▶ WHAT YOU WILL DO
Produce word for word the lines of the data below running from the one that has "LiitoKala Lii-M4S Smart" to the one that has "Soft Surroundings Calais", inclusive, and no others.

Items from a dataset:
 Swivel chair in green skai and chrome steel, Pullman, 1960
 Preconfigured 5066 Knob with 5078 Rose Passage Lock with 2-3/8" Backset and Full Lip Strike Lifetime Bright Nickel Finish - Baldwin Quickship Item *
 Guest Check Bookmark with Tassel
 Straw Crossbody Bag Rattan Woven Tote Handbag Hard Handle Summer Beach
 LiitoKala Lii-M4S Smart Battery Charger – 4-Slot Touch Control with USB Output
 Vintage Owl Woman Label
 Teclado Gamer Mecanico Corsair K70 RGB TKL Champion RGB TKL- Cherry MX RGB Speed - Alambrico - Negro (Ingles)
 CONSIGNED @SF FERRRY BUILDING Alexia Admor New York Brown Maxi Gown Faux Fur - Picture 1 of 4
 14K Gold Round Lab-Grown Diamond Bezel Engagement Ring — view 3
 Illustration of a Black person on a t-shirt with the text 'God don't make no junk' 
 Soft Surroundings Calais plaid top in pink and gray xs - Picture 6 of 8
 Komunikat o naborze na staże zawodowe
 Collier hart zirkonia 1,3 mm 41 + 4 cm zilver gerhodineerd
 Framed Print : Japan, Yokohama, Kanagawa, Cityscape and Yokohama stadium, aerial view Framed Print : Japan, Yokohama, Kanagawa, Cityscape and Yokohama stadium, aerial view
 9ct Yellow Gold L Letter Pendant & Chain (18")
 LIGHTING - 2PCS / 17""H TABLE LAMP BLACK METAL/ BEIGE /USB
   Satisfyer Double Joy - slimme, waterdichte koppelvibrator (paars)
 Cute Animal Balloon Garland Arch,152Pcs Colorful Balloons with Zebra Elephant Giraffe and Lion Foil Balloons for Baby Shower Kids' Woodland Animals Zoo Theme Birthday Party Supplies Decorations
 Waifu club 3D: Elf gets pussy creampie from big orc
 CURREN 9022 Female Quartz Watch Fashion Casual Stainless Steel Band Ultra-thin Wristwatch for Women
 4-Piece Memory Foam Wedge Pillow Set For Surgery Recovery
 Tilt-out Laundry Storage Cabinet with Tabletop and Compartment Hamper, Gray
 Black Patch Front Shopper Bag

▶ FINAL ANSWER
 LiitoKala Lii-M4S Smart Battery Charger – 4-Slot Touch Control with USB Output
 Vintage Owl Woman Label
 Teclado Gamer Mecanico Corsair K70 RGB TKL Champion RGB TKL- Cherry MX RGB Speed - Alambrico - Negro (Ingles)
 CONSIGNED @SF FERRRY BUILDING Alexia Admor New York Brown Maxi Gown Faux Fur - Picture 1 of 4
 14K Gold Round Lab-Grown Diamond Bezel Engagement Ring — view 3
 Illustration of a Black person on a t-shirt with the text 'God don't make no junk' 
 Soft Surroundings Calais plaid top in pink and gray xs - Picture 6 of 8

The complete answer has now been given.